Lots of people have compared CNN’s new 8 p.m. program featuring Eliot Spitzer and Kathleen Parker to the canceled debate show “Crossfire.” Now you can add the man who created “Crossfire” to that list. Reese Schonfeld, CNN’s first president and the man who created the original “program in 1982, says of the new show “to be blunt, I can’t think of a worse idea.”
Schonfeld, writing in a blog for the Huffington Post, recalls the original concept behind the program, which at the time featured Pat Buchanan and Tom Braden. The idea was, the day’s top newsmaker would appear on the show, and Buchanan and Braden would pepper them with questions from the right and the left, “the guest would be caught in the crossfire,” Schonfeld recalls.

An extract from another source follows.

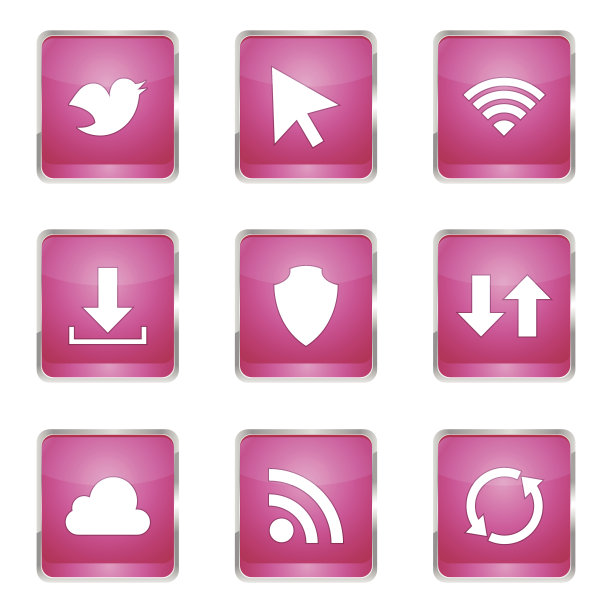 网络互联网社交广场矢量粉色图标设计集图片下载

CNN was created as a news network, and the 10pm hour, where the Crossfire show had been originally scheduled, was supposed to make news. By interviewing the protagonist of the day’s leading story, we hoped we could get him to say something that would advance the story by at least one news cycle, and have everybody quoting us in the next day’s newspaper. The guest was supposed to deliver fresh information, not controversy. Unfortunately, for twenty years, Crossfire shed more heat than light, and I suspect Spitzer-Parker will do the same.
Schonfeld also recalls that CNN founder Ted Turner hated the original concept, but had to move it to a prime spot at 7:30 pm.. because it became such a big hit.
He also weighs in on Spitzer and Parker:
The dictatorial Eliot Spitzer is the antithesis of the strong, but cordially polite, Tom Braden, and Kathleen Parker is no Pat Buchanan. According to the New York Times, she characterizes herself as “pro-life…But I don’t go around carrying a fetus in a jar.” Buchanan, like Barry Goldwater before him, was not afraid of being considered extreme. Parker seems to avoid it at all costs.